Problem requirements: Leaving out the pictures, return each line of the entries from the first through the line with "Brass Micro Pave", and only those lines.

[Crawled caption data]
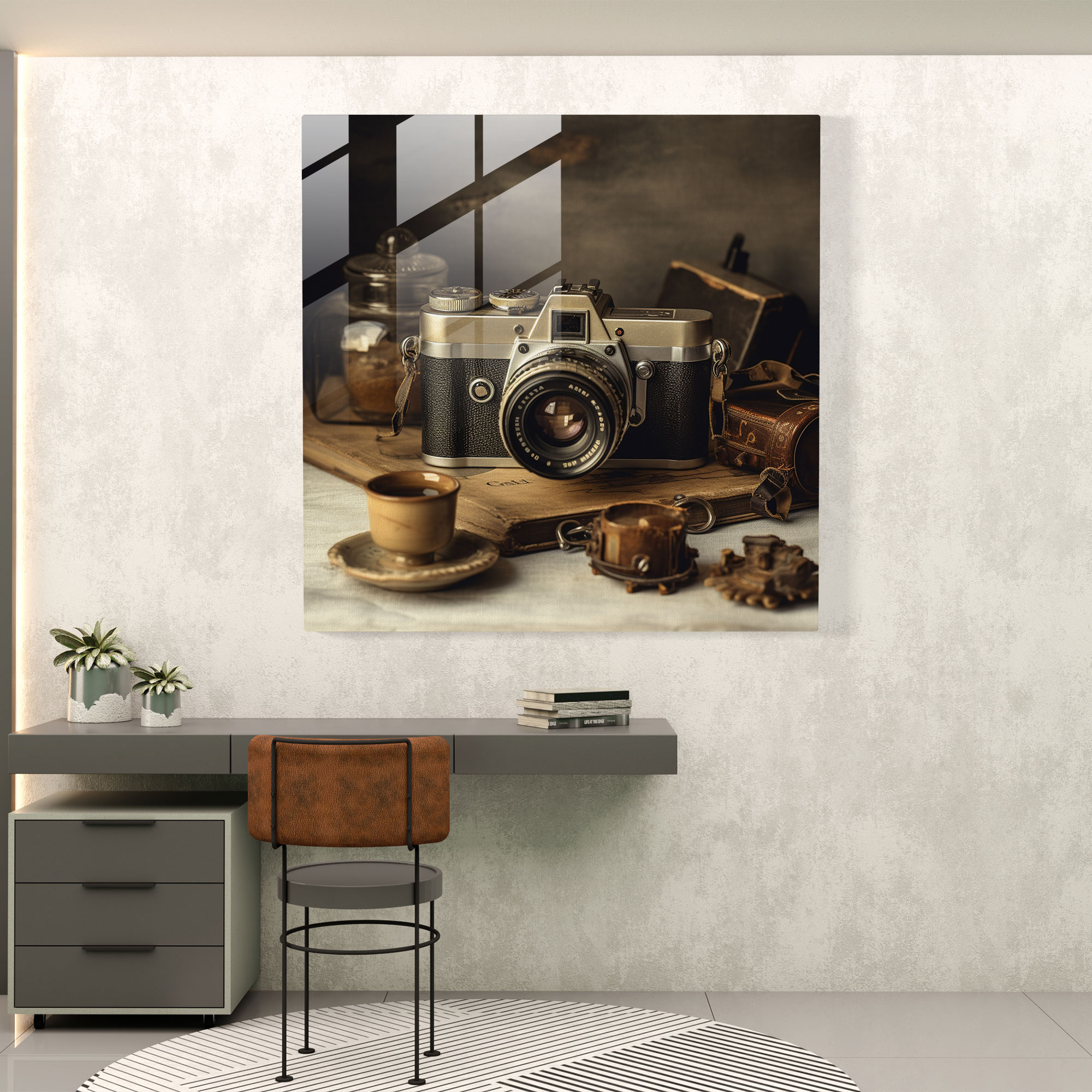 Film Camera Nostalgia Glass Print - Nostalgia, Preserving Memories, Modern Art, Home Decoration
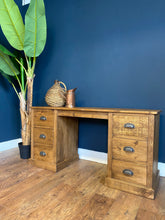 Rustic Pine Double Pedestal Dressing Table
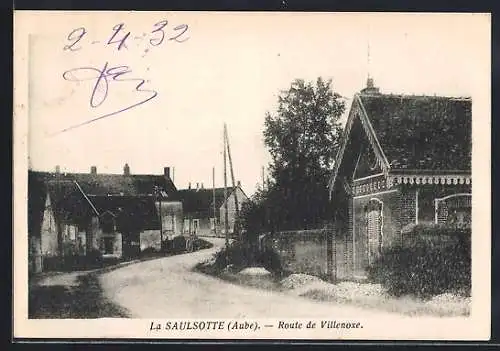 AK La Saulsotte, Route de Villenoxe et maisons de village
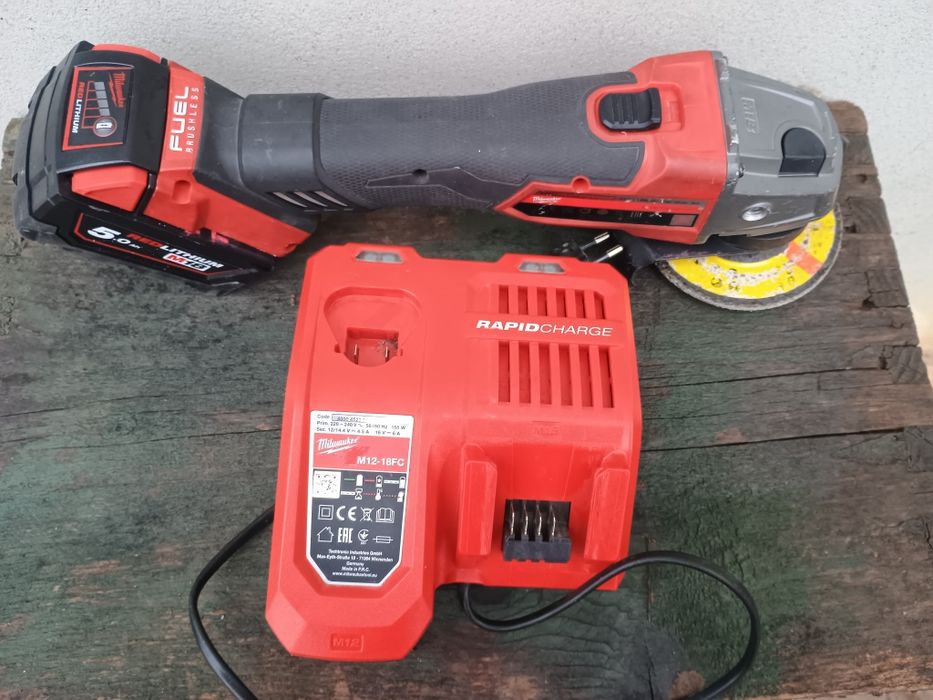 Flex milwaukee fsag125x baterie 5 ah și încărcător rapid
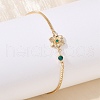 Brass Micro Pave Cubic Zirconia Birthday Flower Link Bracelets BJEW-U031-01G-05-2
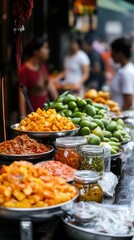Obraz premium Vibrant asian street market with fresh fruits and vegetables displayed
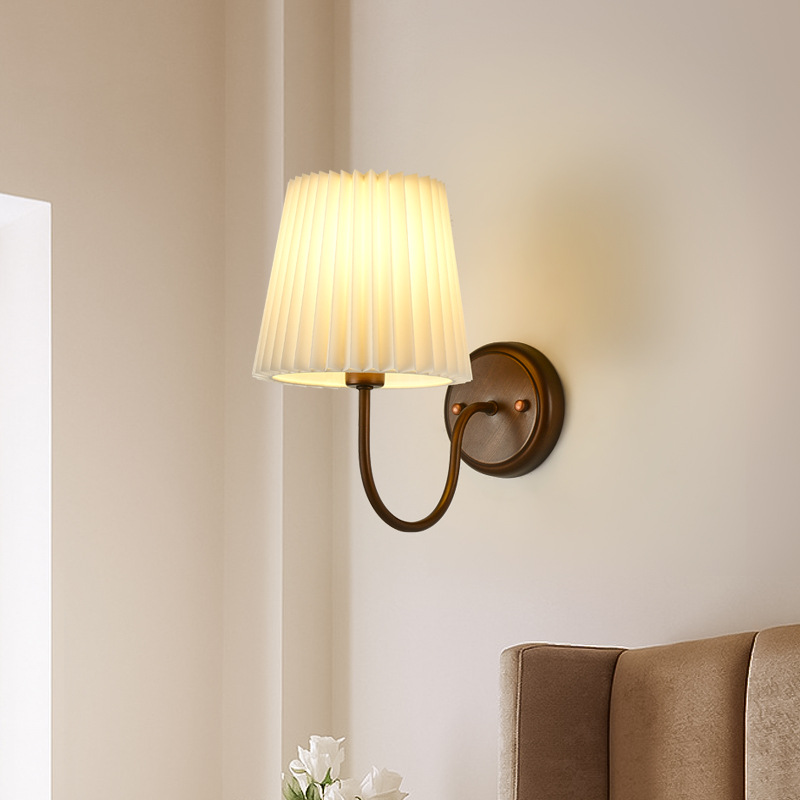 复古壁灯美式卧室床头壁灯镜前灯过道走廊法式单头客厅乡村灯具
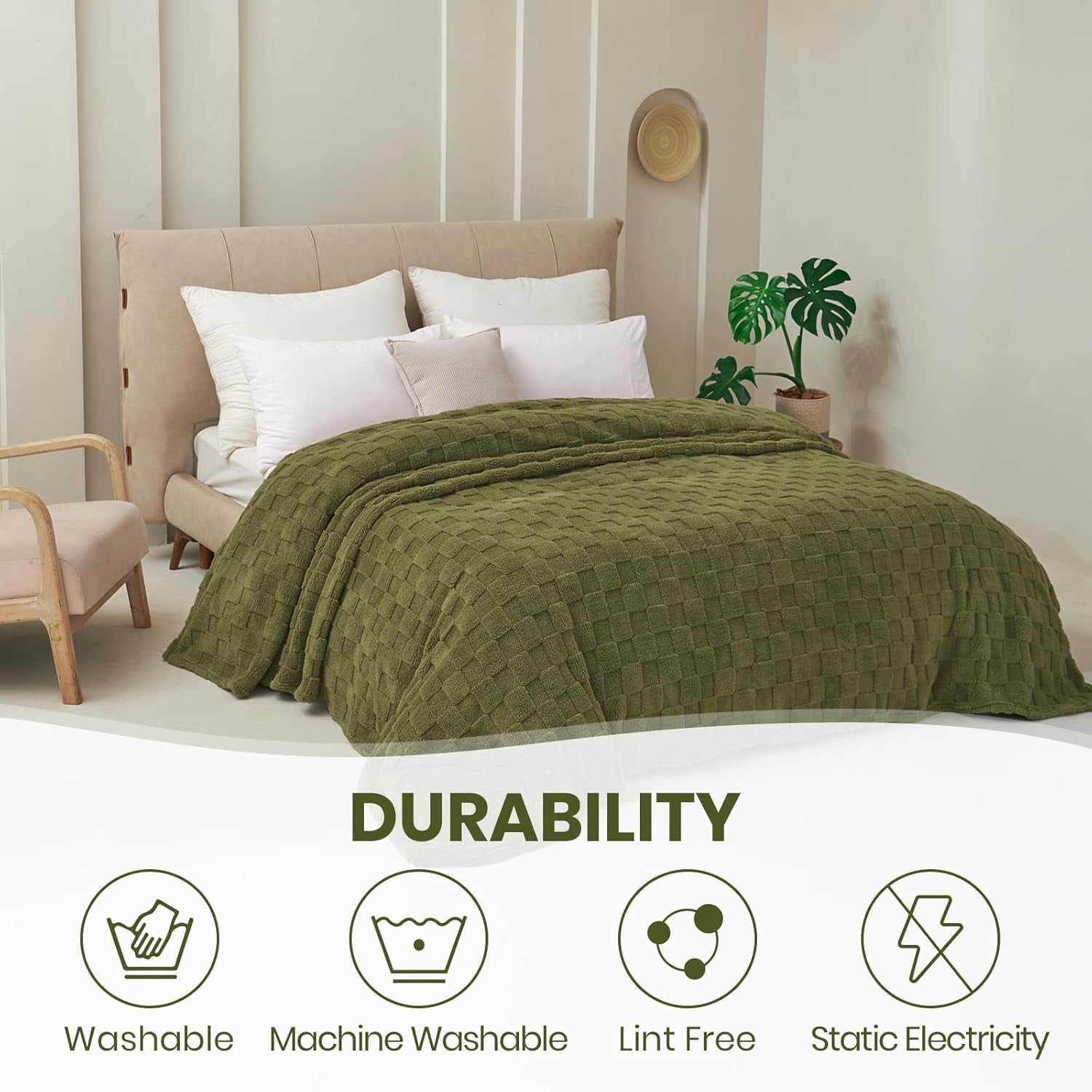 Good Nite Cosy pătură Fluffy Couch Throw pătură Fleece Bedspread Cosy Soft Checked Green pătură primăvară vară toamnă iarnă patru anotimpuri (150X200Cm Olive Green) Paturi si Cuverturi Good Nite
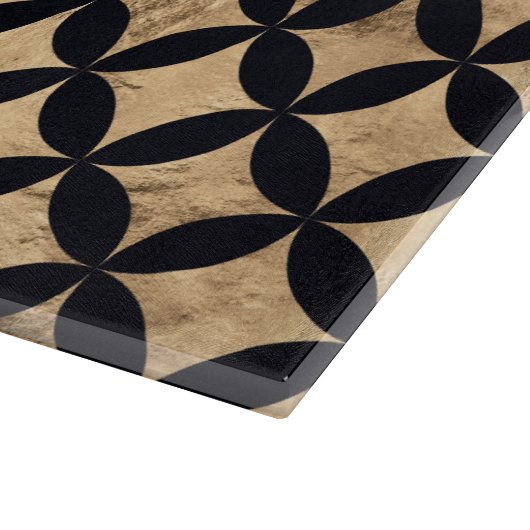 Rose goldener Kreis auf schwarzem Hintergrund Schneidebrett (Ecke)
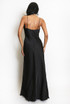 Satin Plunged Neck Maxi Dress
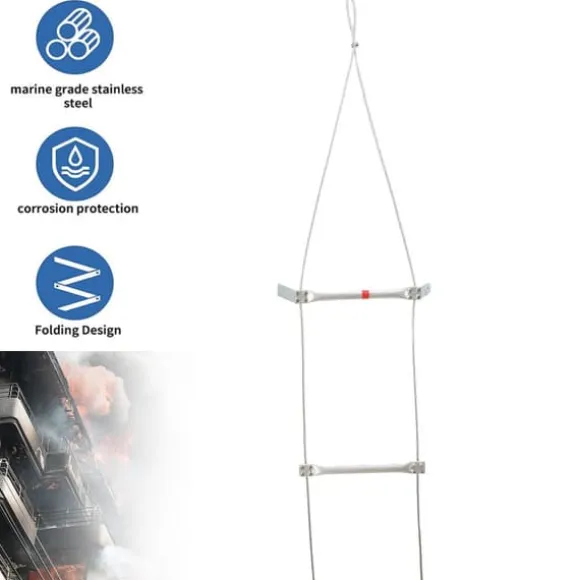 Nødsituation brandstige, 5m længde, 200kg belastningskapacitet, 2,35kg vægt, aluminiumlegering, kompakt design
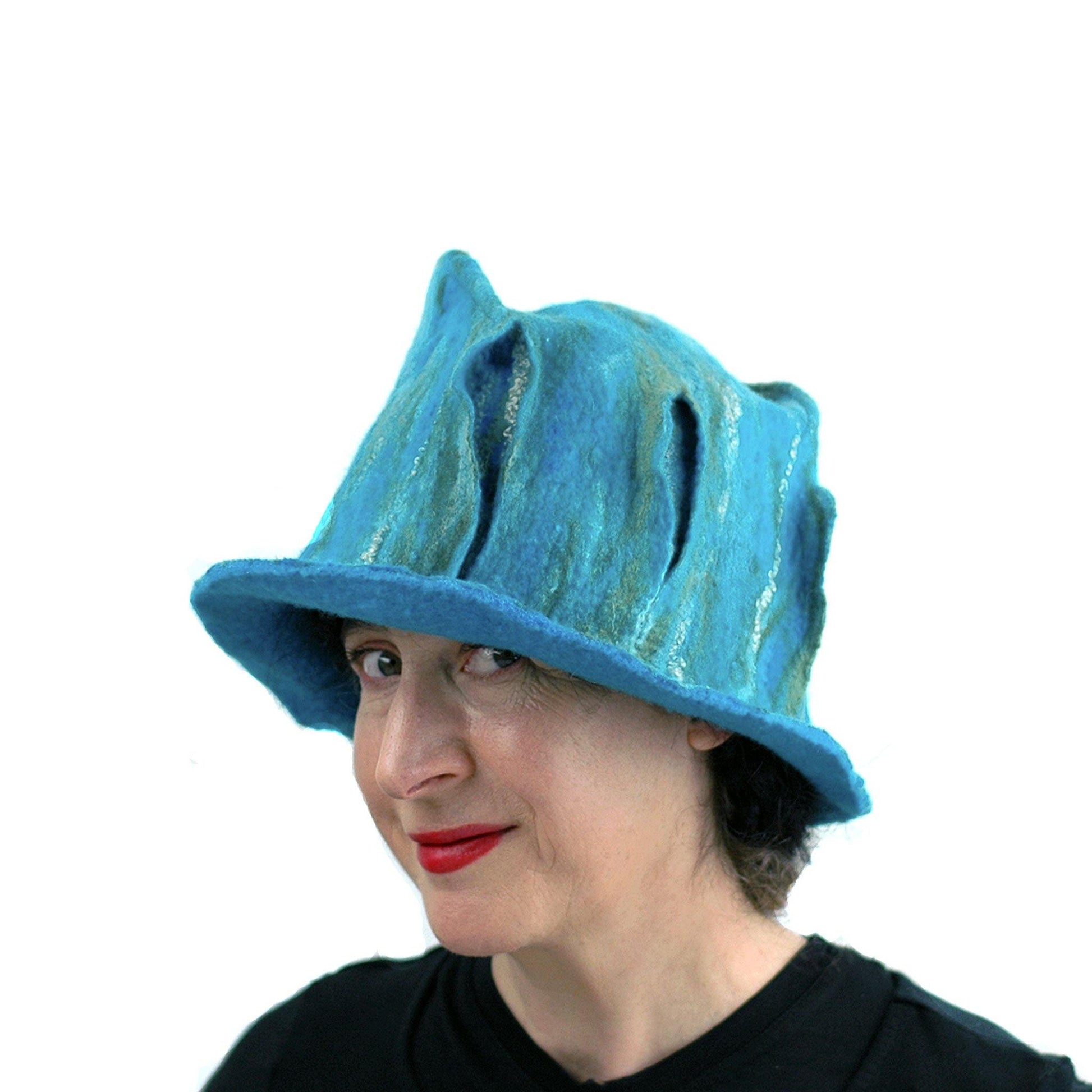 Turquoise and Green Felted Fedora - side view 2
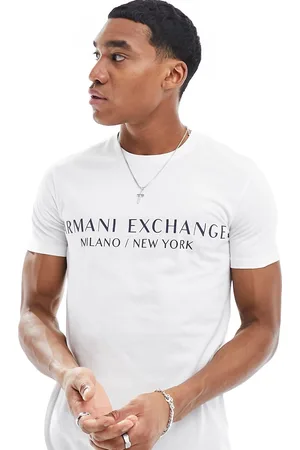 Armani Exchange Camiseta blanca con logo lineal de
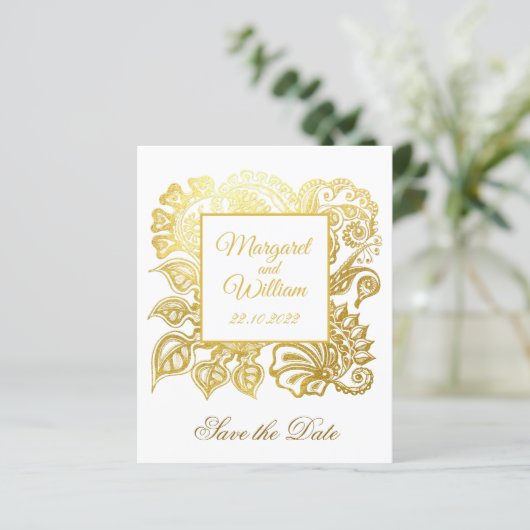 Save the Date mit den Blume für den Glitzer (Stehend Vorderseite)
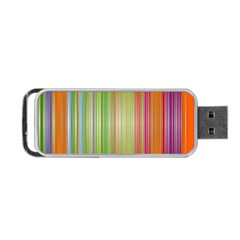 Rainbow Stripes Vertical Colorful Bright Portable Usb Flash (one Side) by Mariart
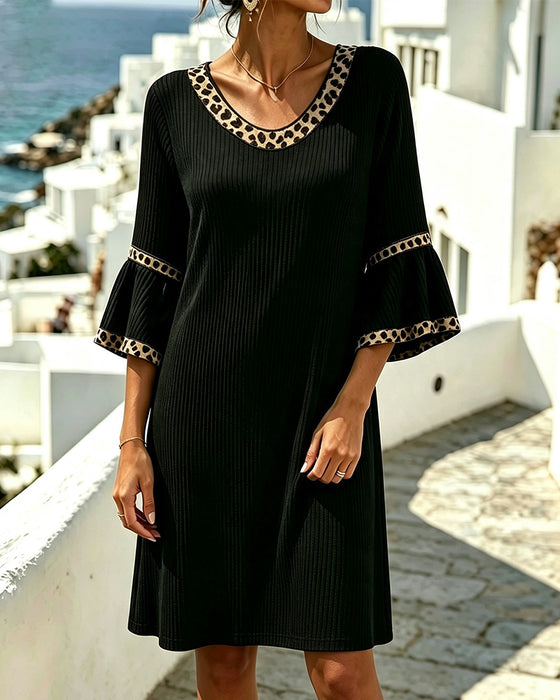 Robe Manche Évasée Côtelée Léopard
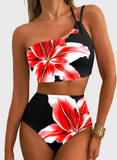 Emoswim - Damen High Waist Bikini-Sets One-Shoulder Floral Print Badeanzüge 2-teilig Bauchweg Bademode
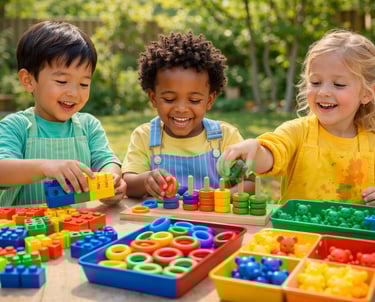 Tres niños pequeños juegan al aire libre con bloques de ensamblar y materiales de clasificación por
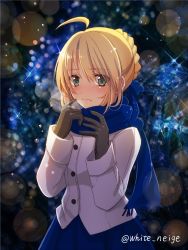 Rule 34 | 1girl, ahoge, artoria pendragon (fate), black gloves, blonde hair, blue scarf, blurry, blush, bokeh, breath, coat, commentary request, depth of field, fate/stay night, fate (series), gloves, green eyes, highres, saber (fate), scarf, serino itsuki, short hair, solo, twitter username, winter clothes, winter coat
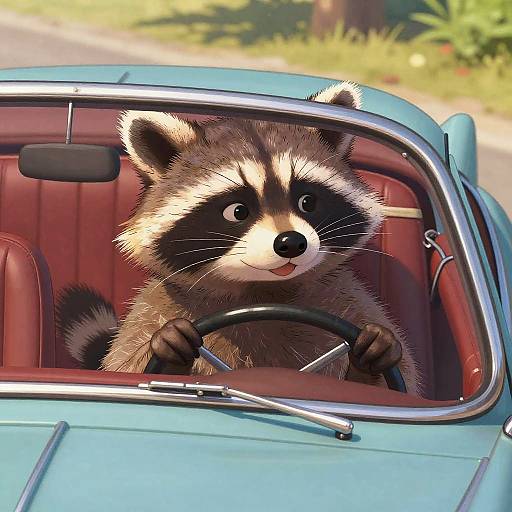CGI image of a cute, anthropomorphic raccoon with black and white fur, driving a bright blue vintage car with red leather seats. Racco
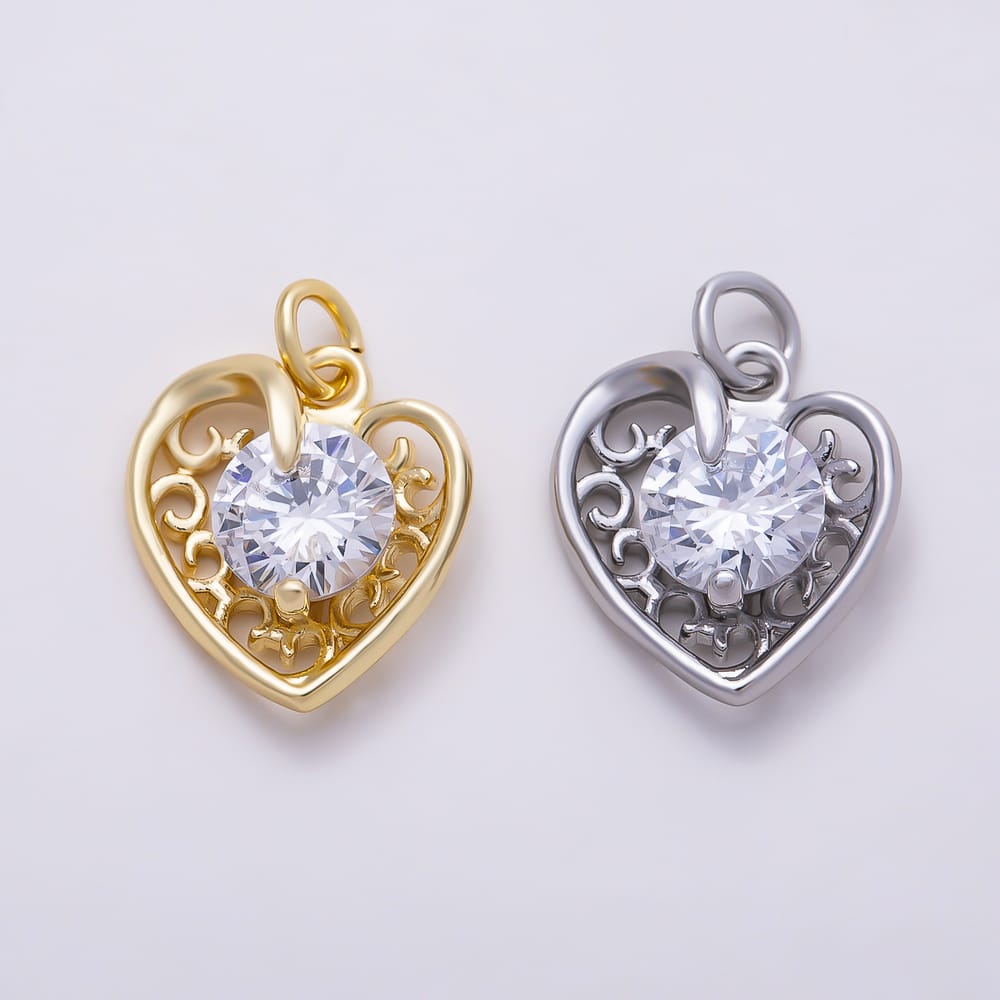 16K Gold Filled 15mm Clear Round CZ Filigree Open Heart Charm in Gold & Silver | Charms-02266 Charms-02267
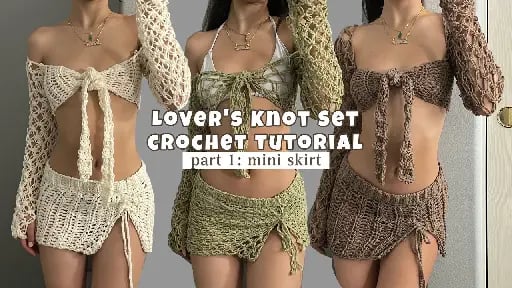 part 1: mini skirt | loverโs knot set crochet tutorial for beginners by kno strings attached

Result:
 Film Camera Nostalgia Glass Print - Nostalgia, Preserving Memories, Modern Art, Home Decoration
 Rustic Pine Double Pedestal Dressing Table
 AK La Saulsotte, Route de Villenoxe et maisons de village
 Flex milwaukee fsag125x baterie 5 ah și încărcător rapid
 Brass Micro Pave Cubic Zirconia Birthday Flower Link Bracelets BJEW-U031-01G-05-2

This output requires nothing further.